The FINANCIAL -- Asia continues to be the main engine of the world’s economy, accounting for more than 60 percent of global growth—three-quarters of which comes from China and India alone.
But there are risks and challenges ahead, including from a tightening of global financial conditions, a shift toward inward-looking policies, and—over the longer run—population aging, slowing productivity growth, and the rise of the digital economy, according to the IMF's latest regional report.
The good news is that strong growth is expected to continue in the near term.
The Regional Economic Outlook: Asia and Pacific (REO) forecasts growth for Asia at 5.6 percent this year and next. The outlook is supported by strong global demand, as well as still accommodative policies and financial conditions.
Robust growth ahead
China’s growth is expected to moderate to 6.6 percent in 2018 as financial, housing, and fiscal tightening measures take effect.
Growth in Japan has been above potential for eight consecutive quarters and is expected to remain strong at 1.2 percent this year.
In India, growth is forecast to rebound to 7.4 percent in FY 2018/19 as the economy recovers from disruptions related to the currency exchange initiative and the rollout of the new Goods and Services Tax.
Growth in ASEAN is projected to stay at 5.3 percent both this year and next, reflecting strong investment and consumption across several countries.
In most of the rest of the region, including small states and Pacific island countries, growth is also expected to be strong.
Inflation on watch
Present rates of inflation in Asia are some of the lowest in decades.
Since September 2017, headline inflation in the region has ticked up on the back of rising oil prices. But core inflation—which excludes food and energy—remains low and below target in many economies.
In 2017, headline inflation on average was 0.6 percent lower than target in Asian advanced economies, and 0.8 percent under target in Asian emerging market economies. As the chart shows, many countries across the region had inflation below target over the past two years.

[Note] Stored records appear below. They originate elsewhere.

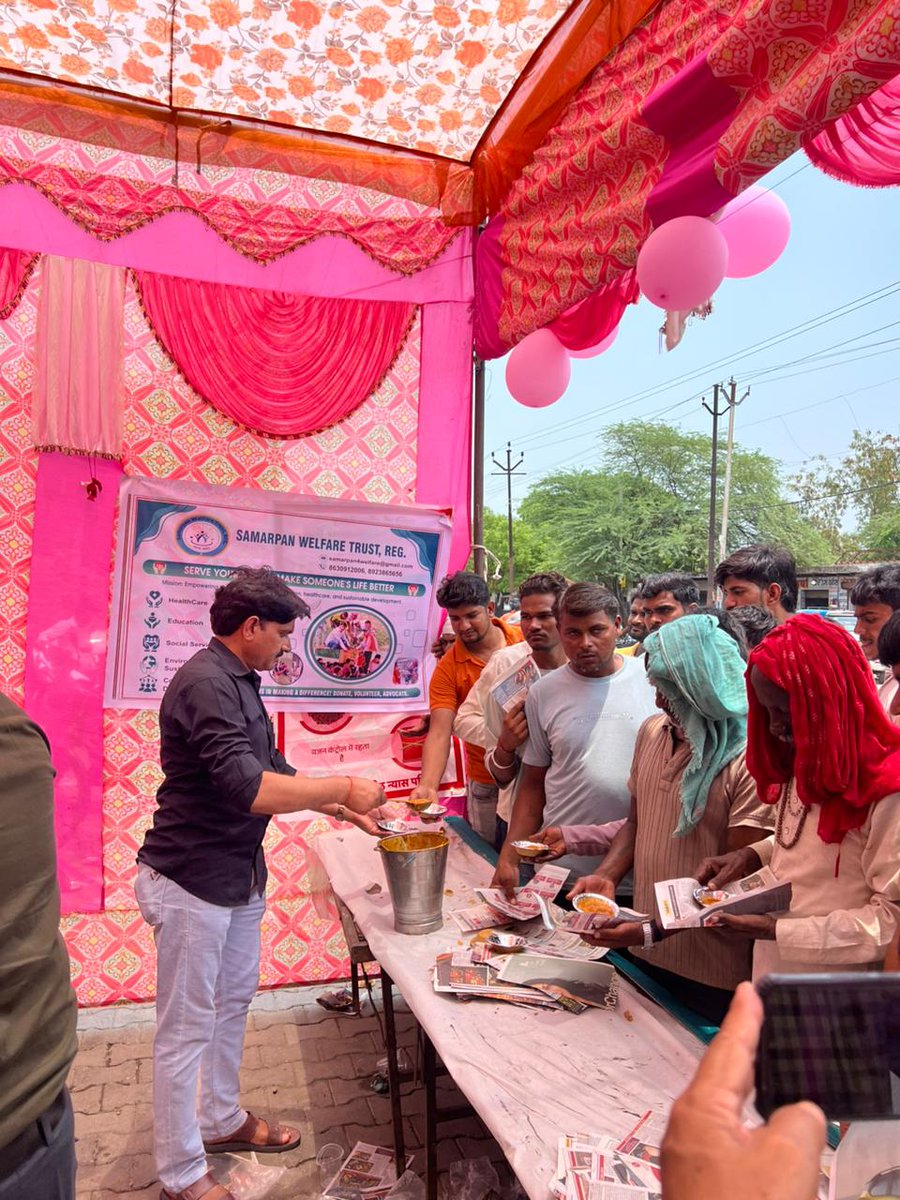 SamarpanCare's tweet photo. रक्तदान महादान-समर्पण वेलफेयर ट्रस्ट(रजि.)द्वारा रक्तदान शिविर एवं विशाल भंडारे का सफल आयोजन किया गया।
समाज के अंतिम व्यक्ति तक सेवा पहुंचाना ही हमारा संकल्प 
#BloodDonation #RaktdaanMahadaan #SevaHiSankalp #HumanityFirst  #BloodDonationCamp https://t.co/c2T4F6YNCX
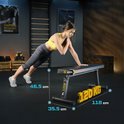 Zwarte fitnessbank van Trex Sport, 118 cm lang, met een draagvermogen van 120 kg. Een vrouw in sportkleding doet een oefening.
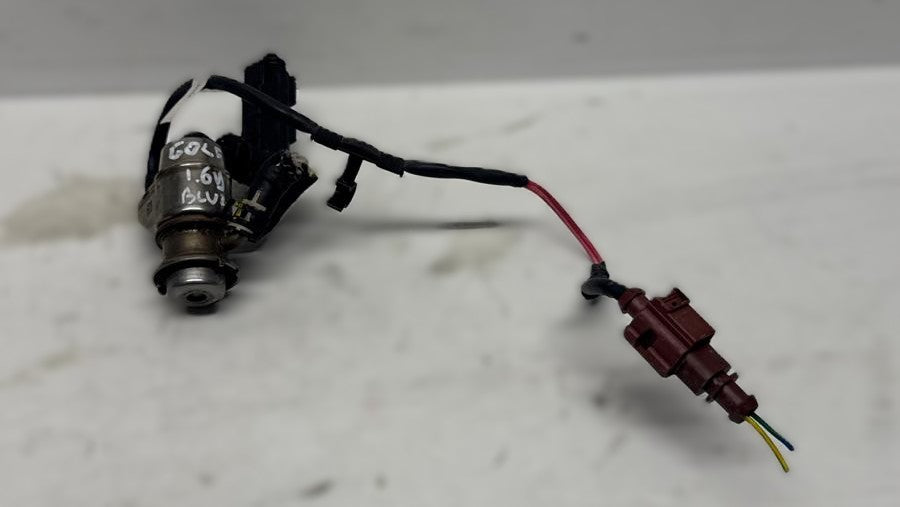 INIETTORE ADBLUE VOLKSWAGEN GOLF 7 \T-ROC 1.6 DIESEL CODICE:04L131113P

The latest report explores why inflation has been so low. And it finds that first that temporary global factors, including commodity prices and imported inflation, have been key drivers of low inflation. But these factors could reverse, and inflation could rise.
According to the report, inflation has become more backward-looking, meaning that past inflation drives current inflation more than future expectations. This suggests that if inflation rises, it may persist.
Further, there is some evidence that the sensitivity of inflation to economic slack has decreased (i.e., the Phillips curve has flattened), suggesting that if inflation rises, there may be a large hit to output when reducing it.
All of these mean that central banks should watch out closely for signs of inflation pressure now and stand ready to respond.
According to the report, there are both upsides and downsides to the forecast. Although they largely balance out in the near term—over the medium term, the downside risks dominate.
On the upside, growth momentum could be more durable than expected amid strong consumer and business confidence and still loose financial conditions. The rollout of the fiscal stimulus in the U.S. as well as a stronger recovery in the euro area could lift global growth, with positive spillovers to Asia.
But over the medium-term, Asia is vulnerable to a tightening of global financial conditions, spurred by higher U.S. interest rates, which could trigger capital outflows.
Further, a global shift toward inward-looking policies would be worrying given Asia’s trade openness—suppressing Asia’s exports and reducing foreign direct investment in the region.
Escalating geopolitical risks as well as natural disasters and cyberattacks could also negatively impact the region’s medium-term growth.
And over the longer term, Asia faces a number of important challenges from population aging, slowing productivity growth, and the digital revolution, which of course brings huge opportunities along with risks.
Policies to increase resilience and reinforce growth
Subdued inflation provides scope for a continued supportive monetary policy stance in much of Asia. But as mentioned earlier, policymakers should be vigilant toward any early signs of inflationary pressure.
Strengthening monetary policy frameworks and central bank communications can bolster the importance of expectations, and exchange rate flexibility can help to insulate economies from imported inflation. Countries should also focus on macroprudential policies—i.e., policies to reduce financial booms and busts—to lower risks in the financial system.
Policymakers should focus on keeping debt under control, and in some economies, a priority is to mobilize higher government revenues to create the room for more spending on infrastructure, healthcare, and education and help support the necessary structural reforms.
Given the strong outlook, now is the time for policymakers to implement reforms to support more durable growth that benefits everyone.
Particularly for Asia, these priorities are:
boosting productivity and investment;
narrowing gender gaps in labor force participation;
managing the demographic transition—some countries like Korea and Thailand face an aging population, while others like Indonesia have a young and growing population;
addressing climate change; and
preparing job seekers with competitive skillsets to better adapt to the shifts in technology and trade.
To reap the full benefits of the digital revolution, the report notes that Asia will need a comprehensive and integrated policy strategy covering information and communications technology, infrastructure, trade, labor markets, and education.